USDA official says failure to pass farm bill would be 'catastrophic'
Monday, February 25, 2008Farmers have come to the time of making key decisions about 2008 crops without the guidance of a U.S. farm bill, which remains bogged down in Congress primarily over a dispute with President Bush. It's time to put aside the politics and move forward. The health and welfare of the nation's farms are too vital to be put at risk by failure to pass a new farm bill.
A new farm bill, which establishes the federal relationship with agriculture from subsidies to conservation, has been in the works since last year. Both the House and Senate have versions. Subsidies for farmers have been an issue, with the president wanting them reduced while Congress is reluctant.
Agriculture Undersecretary Mark Rey, speaking recently in Nevada, offered a measure of hope that an impasse over the farm bill can be broken.
"I think the odds are pretty good," Rey told The Associated Press after a speech to the National Association of Conservation Districts. He urged members to press their representatives to approve a new five-year bill before the current 2002 law expires.

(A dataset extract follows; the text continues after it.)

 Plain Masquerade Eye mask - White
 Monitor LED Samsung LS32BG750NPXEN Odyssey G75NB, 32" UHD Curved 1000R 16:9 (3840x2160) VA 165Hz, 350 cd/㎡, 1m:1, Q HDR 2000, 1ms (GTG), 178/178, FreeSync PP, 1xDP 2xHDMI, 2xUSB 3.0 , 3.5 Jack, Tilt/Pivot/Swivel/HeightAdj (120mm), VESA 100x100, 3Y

Rey said he had been pessimistic about an agreement being reached, but the political climate changed when Bush threatened to veto any farm bill that raises taxes.
"I think a lot of people thought, 'Well, the administration is just blowing smoke,'" Rey said, noting it was the first administration since Nixon's in the late 1960s to draft its own proposal.
Because farm bills typically are written in Congress, Rey said, the thinking on Capitol Hill was "it doesn't matter whether they (the White House) are raising a squawk about the spending, about the tax increases, about the budget gimmicks -- they are going to sign whatever we send them."
"The president sent a pretty clear message that is not the case," Rey said.
But that doesn't mean Congress has played its final card.
One possibility is extension of the present farm bill for two years.
American Farm Bureau Federation President Bob Stallman says that is not the way to go.
"The word 'extension' continues to roll off the tongues of some folks who don't understand the severity of the situation. It's a little too late in the game and nonsensical to chuck all that's been done in crafting both pieces of farm legislation and go off on a new path," Stallman wrote in FBNews, an AFBF publication.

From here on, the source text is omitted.